Bank of America Remains Pessimistic on Lemonade Stock Despite Q1 Beat
2022.05.10 15:56
Bank of America Remains Pessimistic on Lemonade (LMND) Stock Despite Q1 Beat
Shares of Lemonade (NYSE:LMND) are down nearly 3% in pre-open Tuesday despite the company reporting better-than-expected Q1 revenue.
LMND reported a loss per share of $1.21 in the period, compared to a loss per share of 81 in the same period last year. Revenue came in at $44.3 million, up 89% YoY and above the analyst expectations of $43.3 million.
The number of customers in the quarter totaled 1.5 million, in line with the consensus estimates. In-force premium stood at $419 million compared to the analyst consensus of $408 million.

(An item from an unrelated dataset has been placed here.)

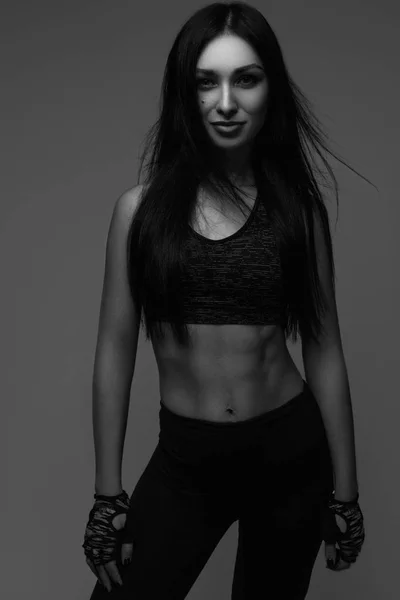 Sports girl posing. Fitness model woman in studio.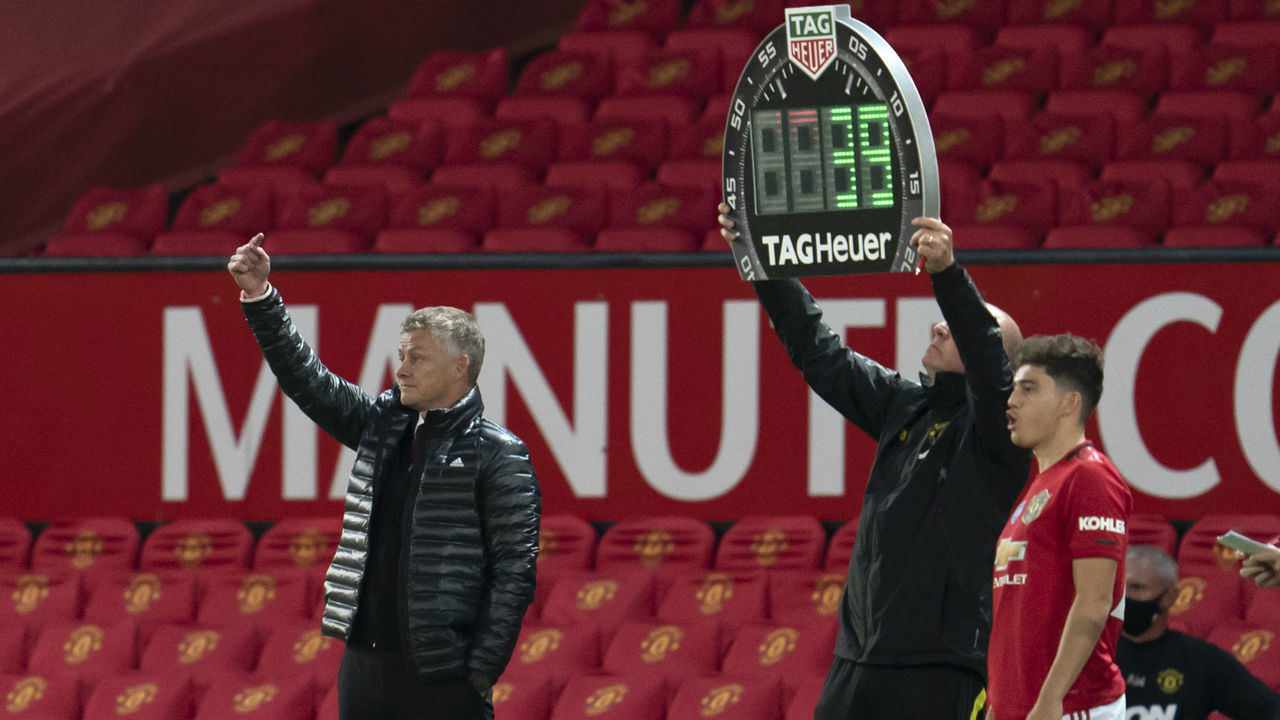 MANCHESTER, July 13, 2020 -- Manchester United's manager Ole Gunnar Solskjaer L gives a sign of substitution during the English Premier League football match between Manchester United and Southampton in Manchester, Britain, July 13, 2020. FOR EDITORIAL USE ONLY. NOT FOR SALE FOR MARKETING OR ADVERTISING CAMPAIGNS. NO USE WITH UNAUTHORIZED AUDIO, VIDEO, DATA, FIXTURE LISTS, CLUB/LEAGUE LOGOS OR "LIVE" SERVICES. ONLINE IN-MATCH USE LIMITED TO 45 IMAGES, NO VIDEO EMULATION. NO USE IN BETTING, GAMES OR SINGLE CLUB/LEAGUE/PLAYER PUBLICATIONS. (Xinhua/ via Getty Images)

LMND reported an adjusted EBITDA loss of $57.4 million, up 39% YoY, compared to the consensus projection of $66.7 million. The gross loss ratio stood at 90% in the period, compared to the estimated 85.1%. The net loss ratio was 89%, while analysts were expecting 79.8%.
Barclays analyst Tracy Benguigui commented:
“Slightly improved ’22 guidance (ex MILE). LMND beat its 1Q22 guide provided last quarter despite a disappointing 90% gross loss ratio. Comparing results to the same quarter last year is a low bar given TX winter storms in 1Q21,” Benguigui said in a client note.

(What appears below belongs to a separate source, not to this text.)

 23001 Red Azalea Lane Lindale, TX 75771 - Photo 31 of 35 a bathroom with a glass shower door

BofA analyst Joshua Shanker is more pessimistic as he lowered the price target to $19.00 per share, down from the prior $21.00, while reiterating an Underperform rating.
“While the stock has been on a long downward performance leg, we believe there is likely floor support around the $700-800mn price level. Upside risk would come from the company demonstrating profitable growth in future quarters. Downside risk comes from the passage of time without a capital raise through 2H23. No material upside in a high risk stock like LMND forms the basis of our Underperform rating,” Shanker told clients.